+++ Extracted records +++
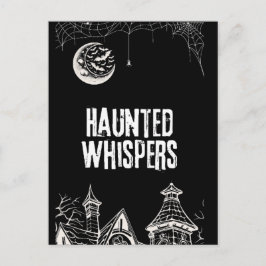 Glad Halloween-design Vykort
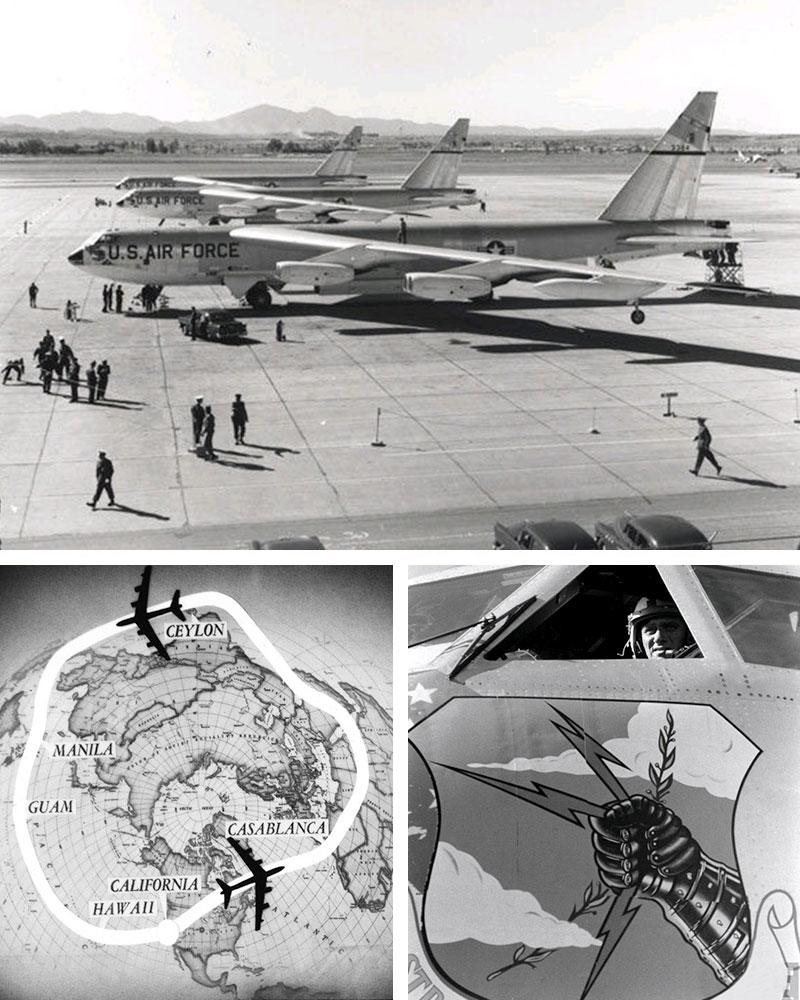 BOEING B-52 LUCKY LADY III - PLANETAG TAIL #53-394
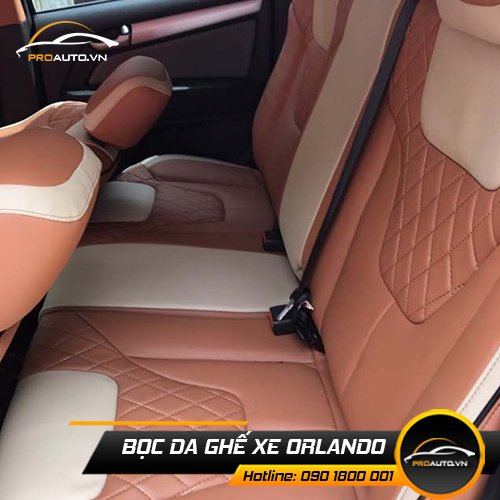 Các loại da bọc ghế ô tô Chevrolet Orlando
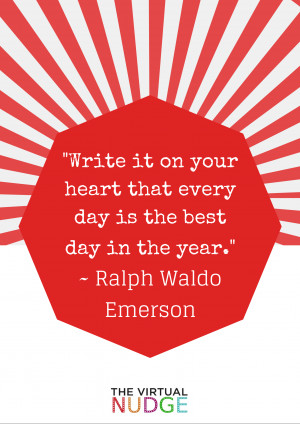 celebration quote write it on your heart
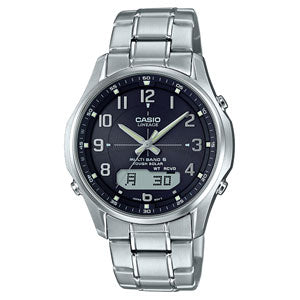 CASIO LINEAGE LCW-M100DE-1A3JF Black Tough Solar Atomic Men's Watch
+++
**Task requirements:** In the copy, include every entry above exactly and leave out each picture.

**Answer box:**
 Glad Halloween-design Vykort
 BOEING B-52 LUCKY LADY III - PLANETAG TAIL #53-394
 Các loại da bọc ghế ô tô Chevrolet Orlando
 celebration quote write it on your heart
 CASIO LINEAGE LCW-M100DE-1A3JF Black Tough Solar Atomic Men's Watch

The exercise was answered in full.